» ACTION ITEM: Copy nothing but the line with "فراخوان حوزه خواهران" and the lines that follow it to the end of the entries below, and keep the pictures out.

» GIVEN INFORMATION:
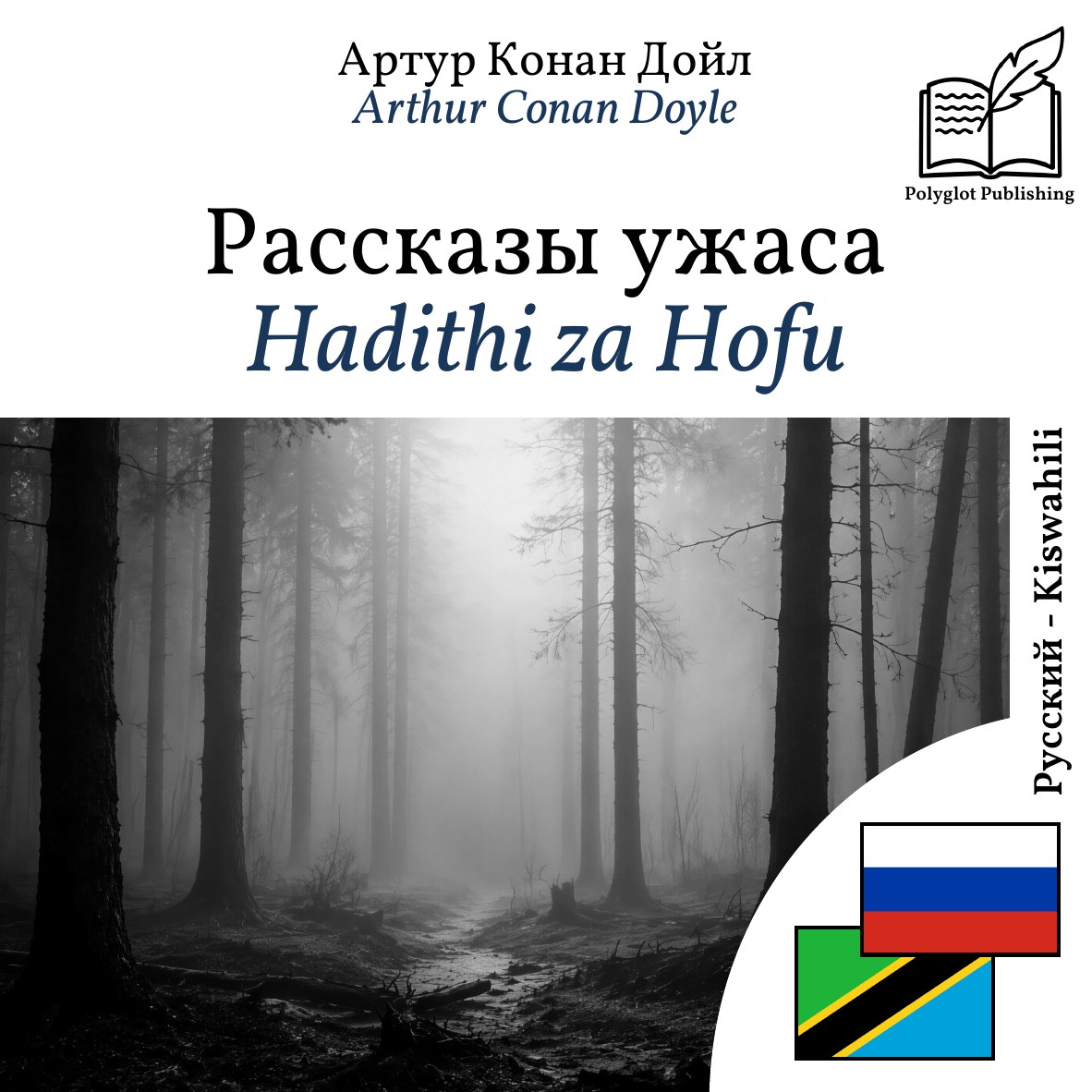 Hadithi za Hofu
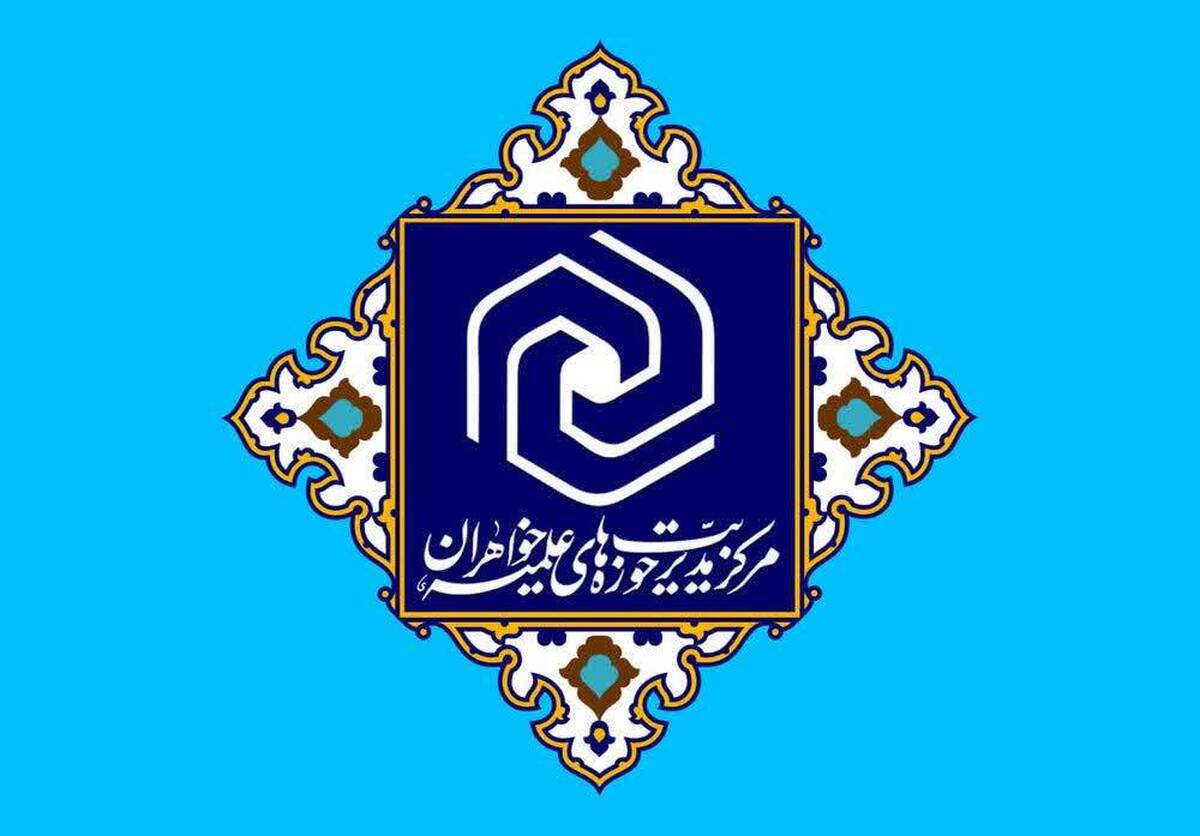 فراخوان حوزه خواهران برای اقدام فوری در مهار گرانی‌ها و تحقق اقتصاد مقاومتی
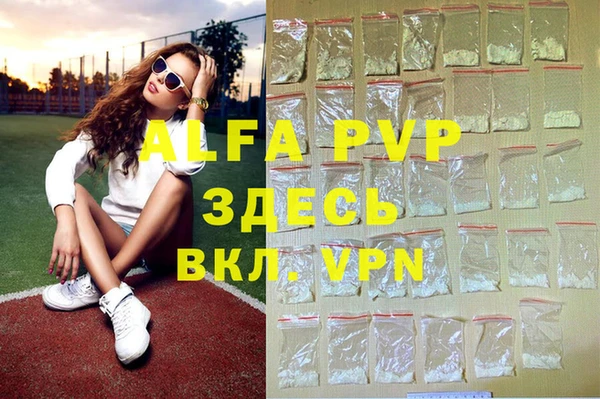 дмт Армянск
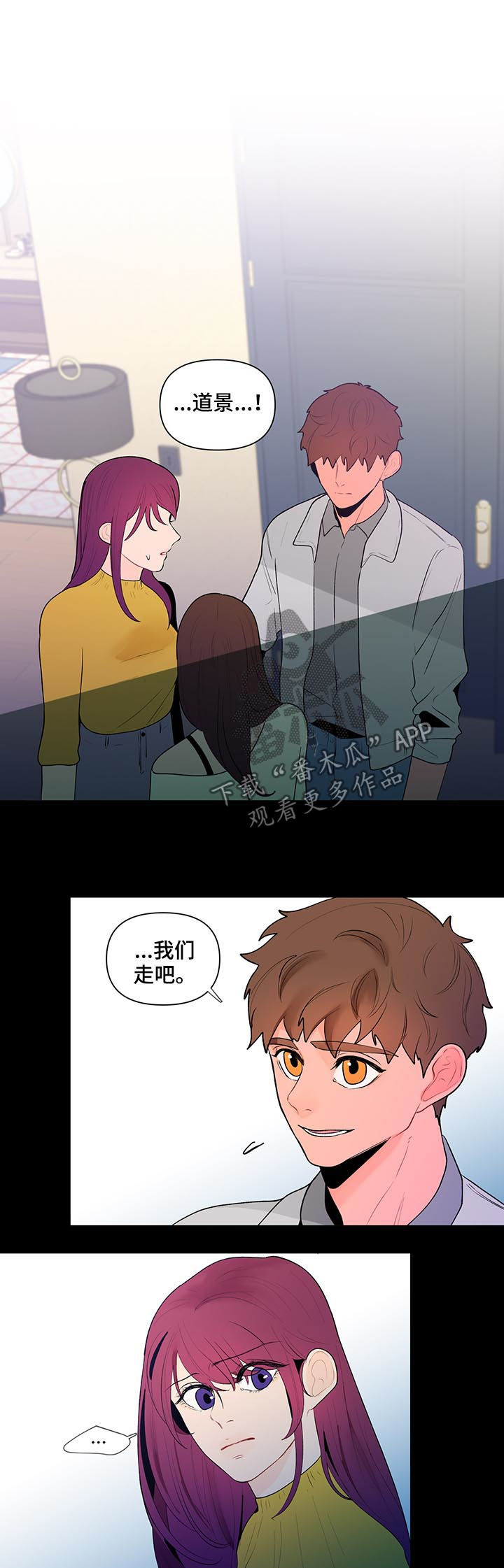 负面消息越讲越多是什么现象漫画,第56章：争吵1图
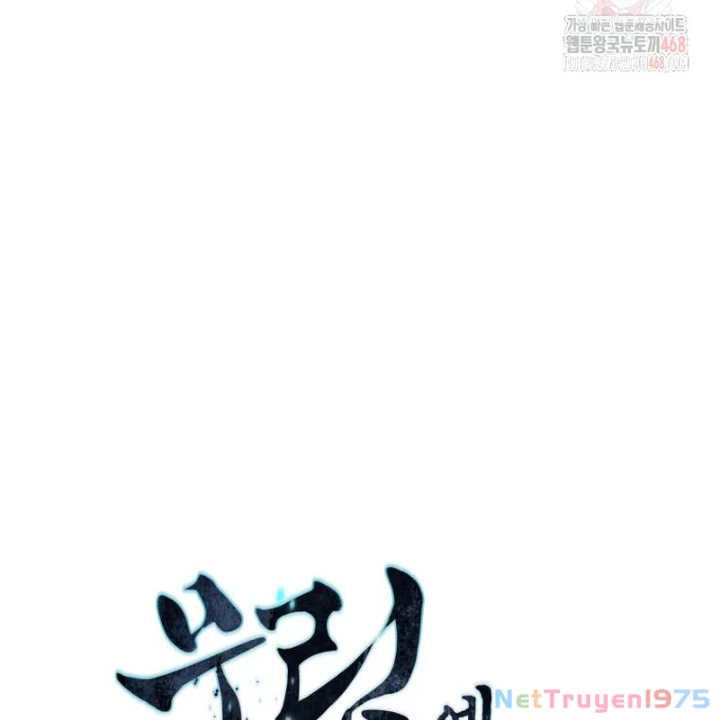 Chuyển Sinh Vào Thế Giới Võ Lâm Chapter 136 - 11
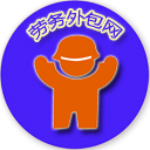 勞務(wù)外包網(wǎng) v5.0.0 安卓版 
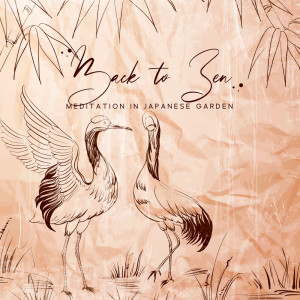 ดาวน์โหลดและฟังเพลง Deep Relaxation พร้อมเนื้อเพลงจาก Japanese Zen Shakuhachi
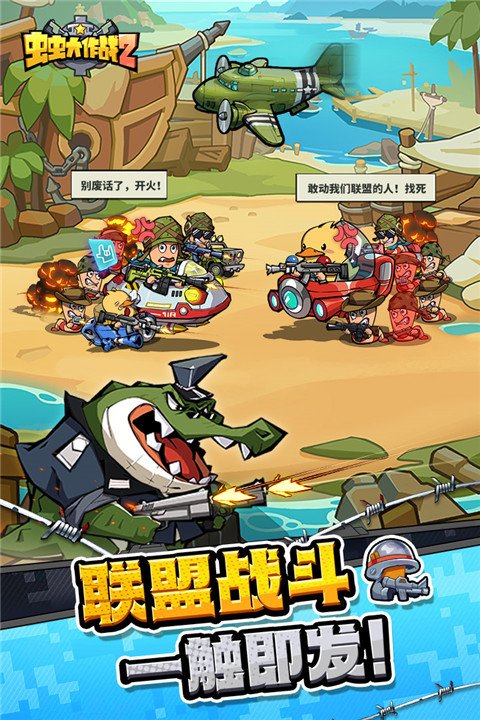 虫虫大作战24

» ANSWER:
 فراخوان حوزه خواهران برای اقدام فوری در مهار گرانی‌ها و تحقق اقتصاد مقاومتی
 дмт Армянск
 负面消息越讲越多是什么现象漫画,第56章：争吵1图
 Chuyển Sinh Vào Thế Giới Võ Lâm Chapter 136 - 11
 勞務(wù)外包網(wǎng) v5.0.0 安卓版 
 ดาวน์โหลดและฟังเพลง Deep Relaxation พร้อมเนื้อเพลงจาก Japanese Zen Shakuhachi
 虫虫大作战24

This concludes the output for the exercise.